Além dos determinismos naturais e sociais apresentados em A Religiosa (o embate de um ser humano que, à semelhança de bonita borboleta se recusa a ficar espetada numa parede de cela) temos outros problemas de ordem ética e moral que afligem as pessoas até hoje. É o caso do aborto em situações desesperadas. Como sua mãe era hipócrita e dizia ser cristã, o aborto não foi praticado e Suzanne nasceu. Diderot aconselha, pela voz de Suzanne, em casos semelhantes, o remédio do assassinato no berço: “Matai vossa filha em vez de a aprisioná-la num claustro contra sua vontade; sim, matai vossa filha. Quantas vezes desejei ter sido morta por minha mãe ao nascer! Ela teria sido menos cruel”.  Um comentador, Dominique Julien, nota que Suzanne não parece ter consciência de que tal é a função de seu encerramento no claustro pela sua mãe : matá-la para o mundo, para a família, para ela mesma. A tentativa reiterada, física ou imaginária de suicídio (a tentação de se jogar num poço profundo) pode ser a marca de seu desespero, mas também o desejo de levar o gesto da mãe ao máximo, matando a si mesma para que a genitora retornasse a um tempo sem máculas, à uma inocência agora impossível. A imagem da enterrada viva é obsessiva em Suzanne.
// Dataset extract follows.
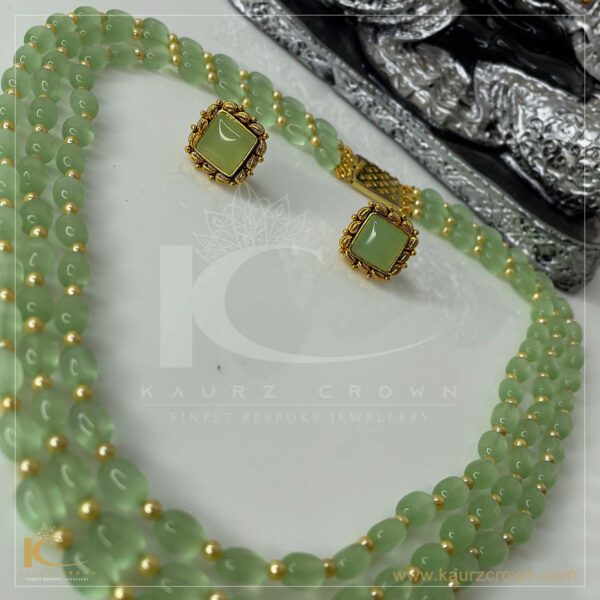 Sarah Emerald Green 3 Layered Mala with Gold Polished Stud Earrings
Metáfora da vida social, política, jurídica, o romance diderotiano só encontra similar no século 20, com os textos de Kafka. Que esta obra reúne elementos éticos, estéticos, políticos, religiosos, sociais, é patente. O sentido de semelhante síntese ainda ergue comentários e comentários dos especialistas. Com o curso que agora acabamos, pretendi levar aos estudantes as facetas de um autor que é filósofo, esteta, teatrólogo, crítico de arte, poeta, artesão, dicionarista, naturalista, médico, etc. Ou seja, com Diderot retroagimos a uma tempo em que a filosofia não era uma “disciplina”a mais no âmbito das ciências humanas. Ela era a busca de totalizar o saber e a prática dos seres humanos. Ela era, sobretudo, um desejo de liberdade no pensamento e na ordem social. Coisas que hoje parecem utópicas e desprovidas de sentido. Boas férias para os senhores!  



[1] Diderot dramaturge du vivant (Paris, PUF, 2001), existe exemplar na Biblioteca do IFCH.
[2] Claude-Joseph de Ferrière: Dictionnaire de Droit et de Pratique (Paris, Bauche Libraire,1771), página 58 e seguintes.  Existe edição eletrônica na Gallica, BNF.
[3] Importa consultar o clássico de Ernst Robert Curtius, A literatura européia e a Idade Média Latina, sobretudo o capítulo sobre as metáforas do teatro. Existe edição brasileira pela Edusp.